• **What you will do**: Nothing but the lines from the one containing "Shirt Collar Buttoned Brown Cardigan - 5" to the end of the data should be copied, exactly, and the pictures stay out.

• **Source data**:
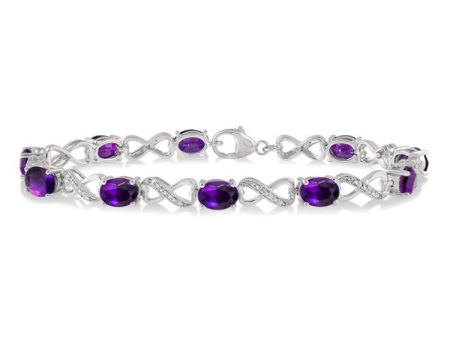 1 10 Ctw Round Cut Diamond & 7x5 MM Oval Cut Amethyst Semi Precious Infinity Bracelet in Sterling Silver Discount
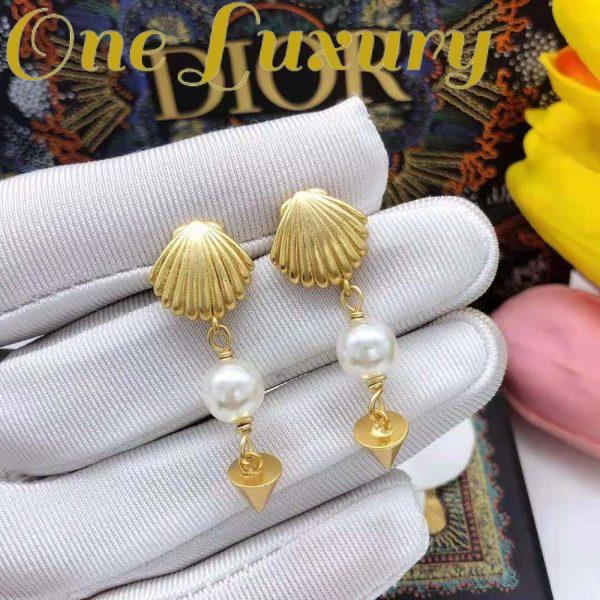 Replica Dior Women Sea Garden Earrings Gold-Finish Metal and White Resin Pearls 7
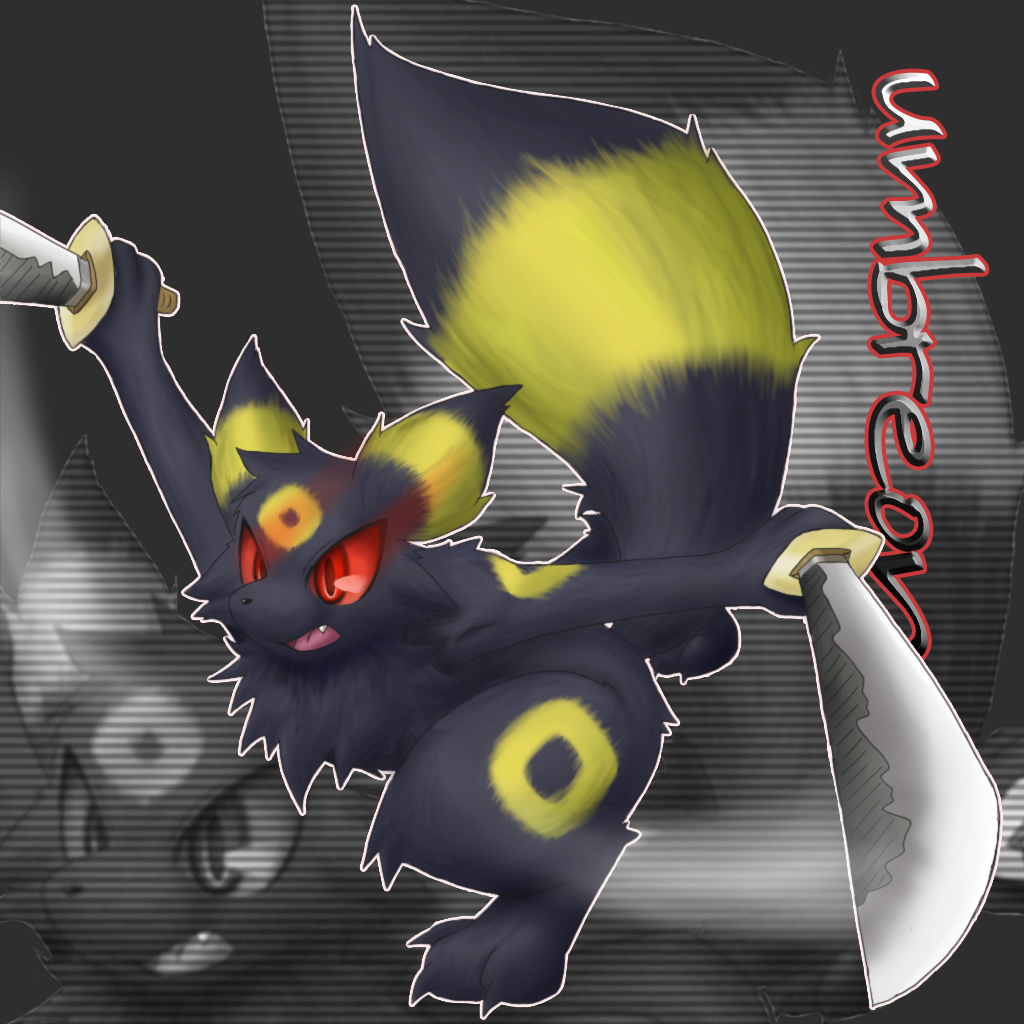 black chest_tuft claws english_text fang fenikusu male markings pok&eacute;mon red_eyes sword tail umbreon weapon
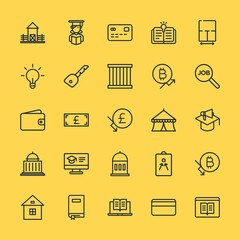 Modern Simple Set of business, money, buildings, education Vector outline Icons. Contains such Icons as  student,  girl, money,  payment and more on yellow background. Fully Editable. Pixel Perfect.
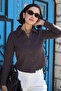 Shirt Collar Buttoned Brown Cardigan - 5
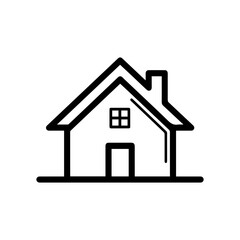 Black outline icon of a house with a window door and chimney
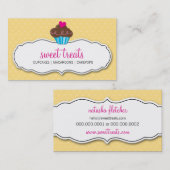 VISITEKAARTJE schattig vet cupcake boter geel roze (Voorkant / Achterkant)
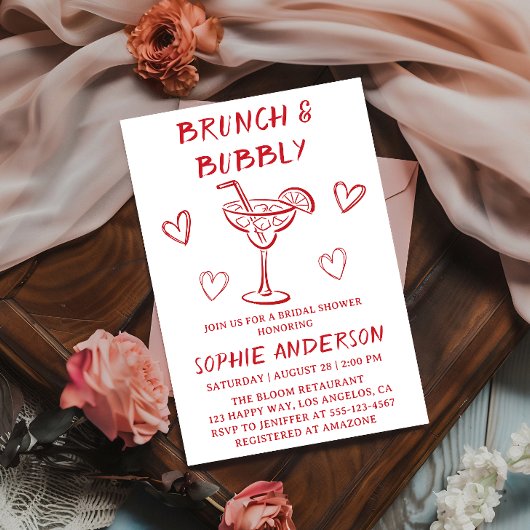Modern Cocktail Brunch & Bubbly Bridal Shower      招待状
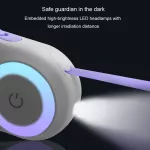 LED zatahovací vodítko pro psy 5 m | červeno-bílé samonavíjecí vodítko s výkonným LED světlem, osvětlením pro sběr exkrementů a ergonomickou rukojetí TopTechnology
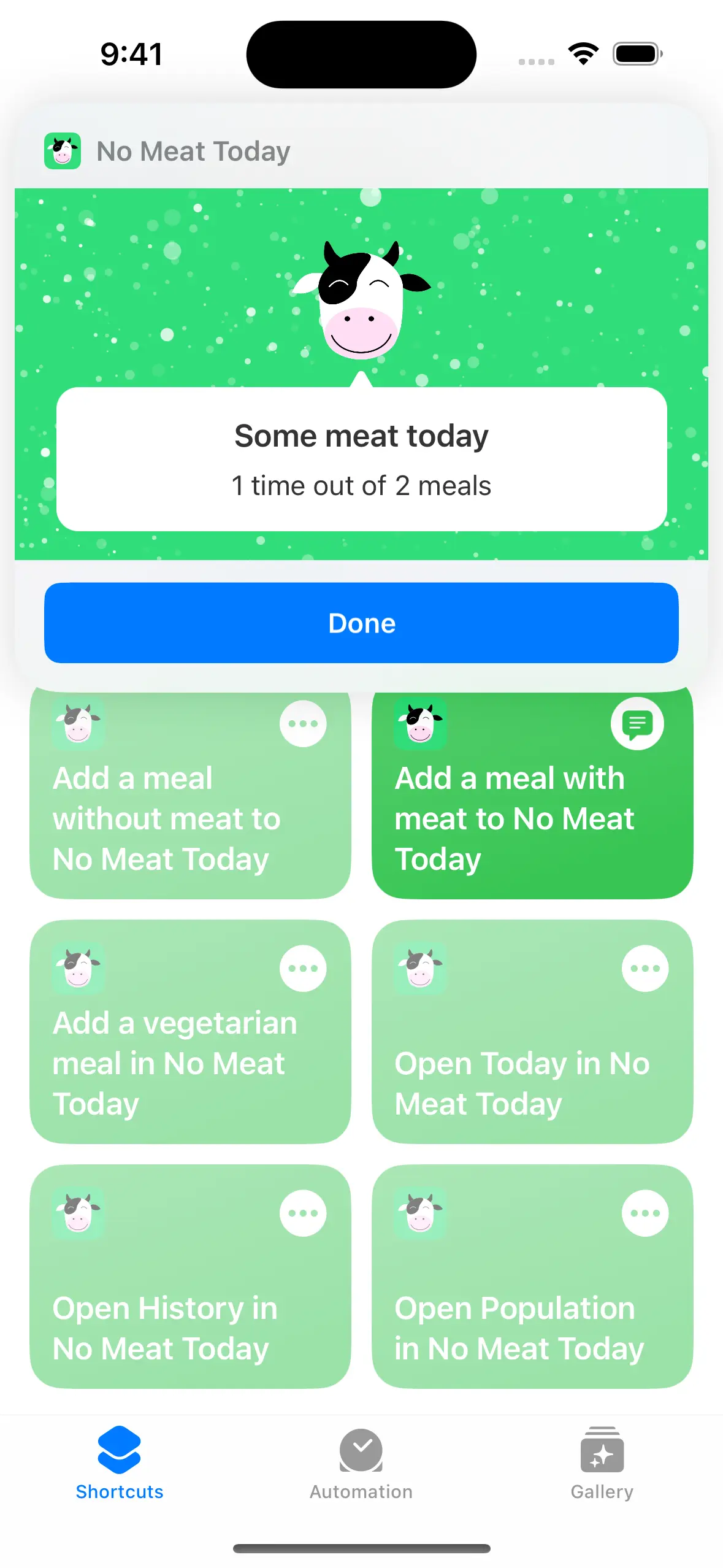 No Meat Today — Shortcuts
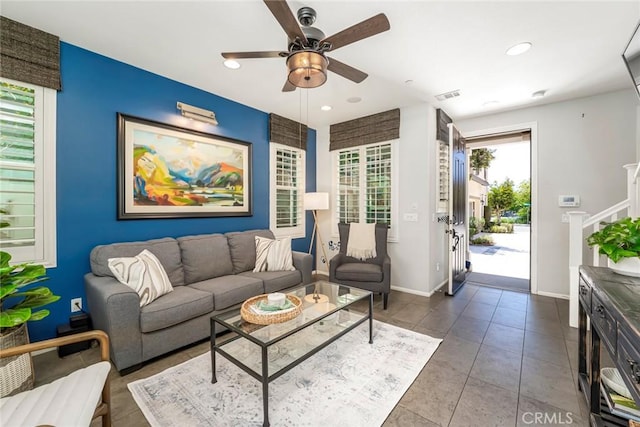 3105 E Discovery St, Ontario, CA 91762 - living room featuring a ceiling fan, recessed lighting, baseboards, tile patterned floors, and stairway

• **Answer box**:
 Shirt Collar Buttoned Brown Cardigan - 5
 Black outline icon of a house with a window door and chimney
 VISITEKAARTJE schattig vet cupcake boter geel roze (Voorkant / Achterkant)
Modern Cocktail Brunch & Bubbly Bridal Shower      招待状
 LED zatahovací vodítko pro psy 5 m | červeno-bílé samonavíjecí vodítko s výkonným LED světlem, osvětlením pro sběr exkrementů a ergonomickou rukojetí TopTechnology
 No Meat Today — Shortcuts
 3105 E Discovery St, Ontario, CA 91762 - living room featuring a ceiling fan, recessed lighting, baseboards, tile patterned floors, and stairway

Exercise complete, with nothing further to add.